─── Given records ───

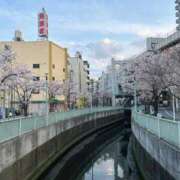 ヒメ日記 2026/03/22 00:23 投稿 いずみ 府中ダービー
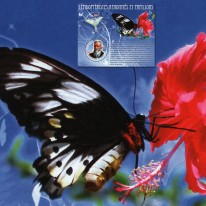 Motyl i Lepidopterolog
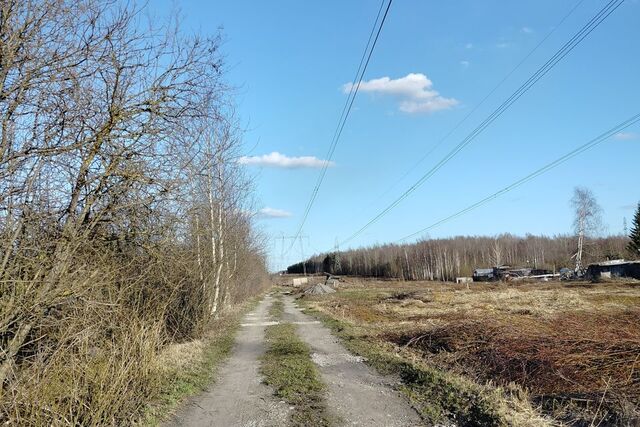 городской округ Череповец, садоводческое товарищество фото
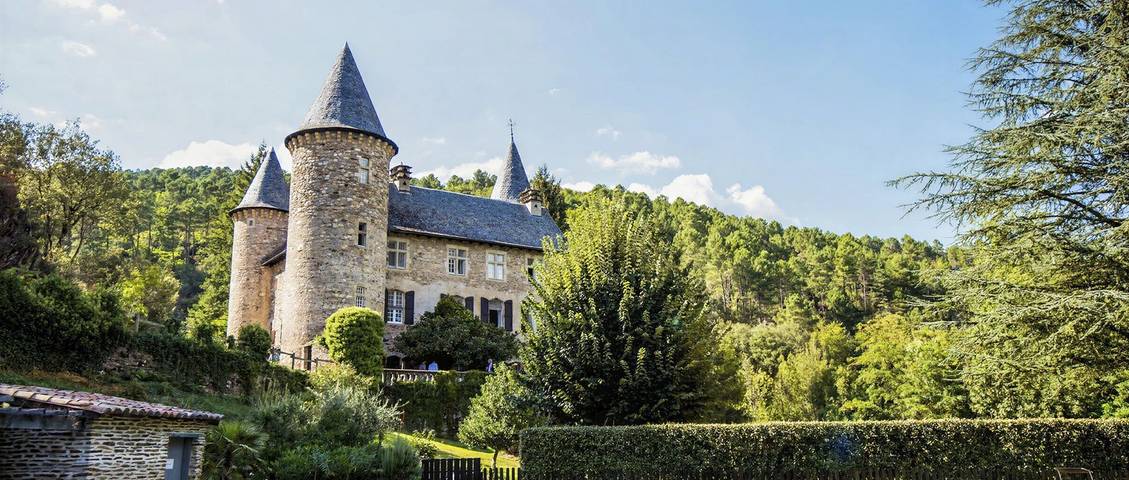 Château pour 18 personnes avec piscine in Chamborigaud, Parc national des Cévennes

───
─── Given records ───

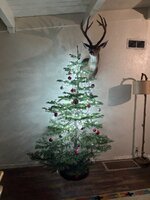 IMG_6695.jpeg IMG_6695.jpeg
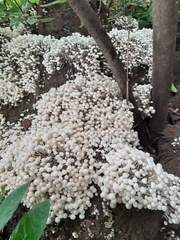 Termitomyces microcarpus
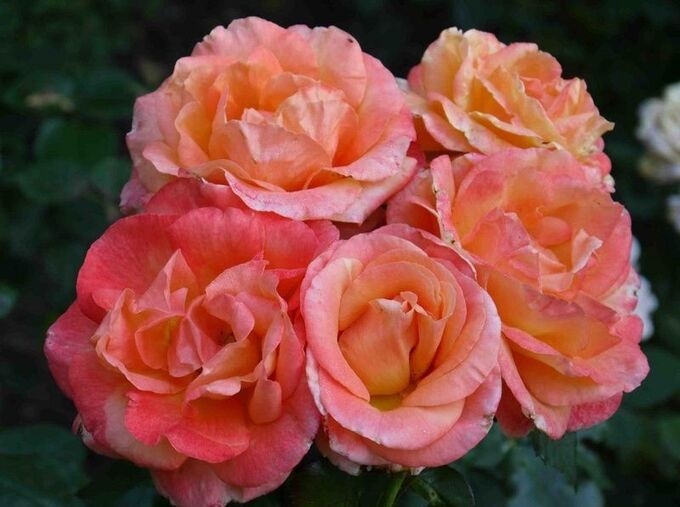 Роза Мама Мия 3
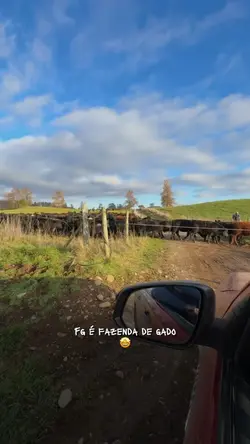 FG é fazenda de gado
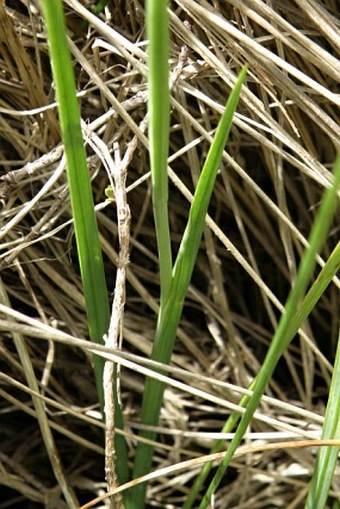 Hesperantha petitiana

───
─── Given records ───

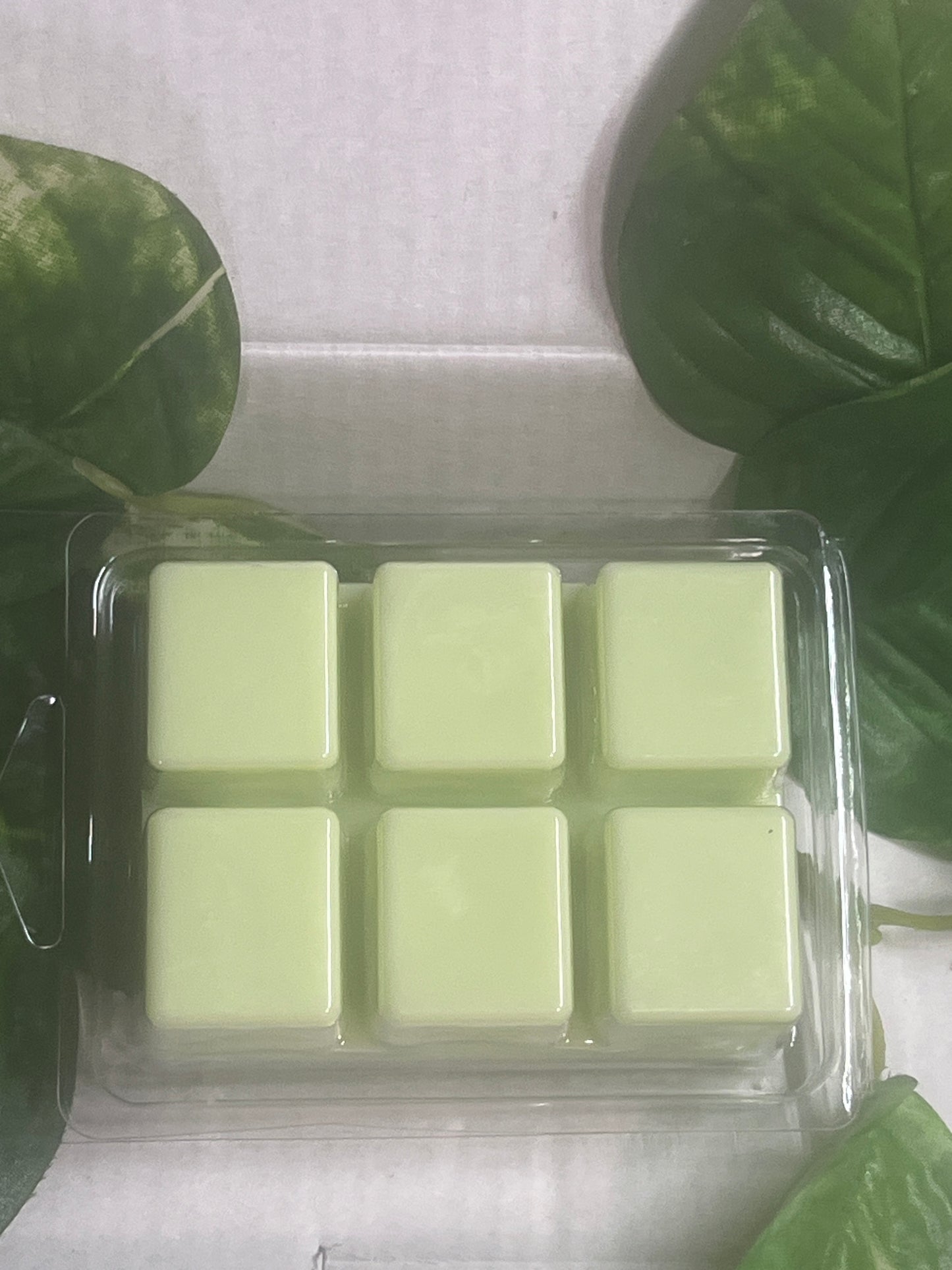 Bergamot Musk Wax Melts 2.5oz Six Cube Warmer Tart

───

An exact copy of the lines above from the one with "ヒメ日記 2026/03/22 00:23 投稿 いずみ 府中ダービー" up to and including the one with "Château pour 18" is required; reproduce only those lines, omitting all pictures.

=== Final answer ===
 ヒメ日記 2026/03/22 00:23 投稿 いずみ 府中ダービー
 Motyl i Lepidopterolog
 городской округ Череповец, садоводческое товарищество фото
 Château pour 18 personnes avec piscine in Chamborigaud, Parc national des Cévennes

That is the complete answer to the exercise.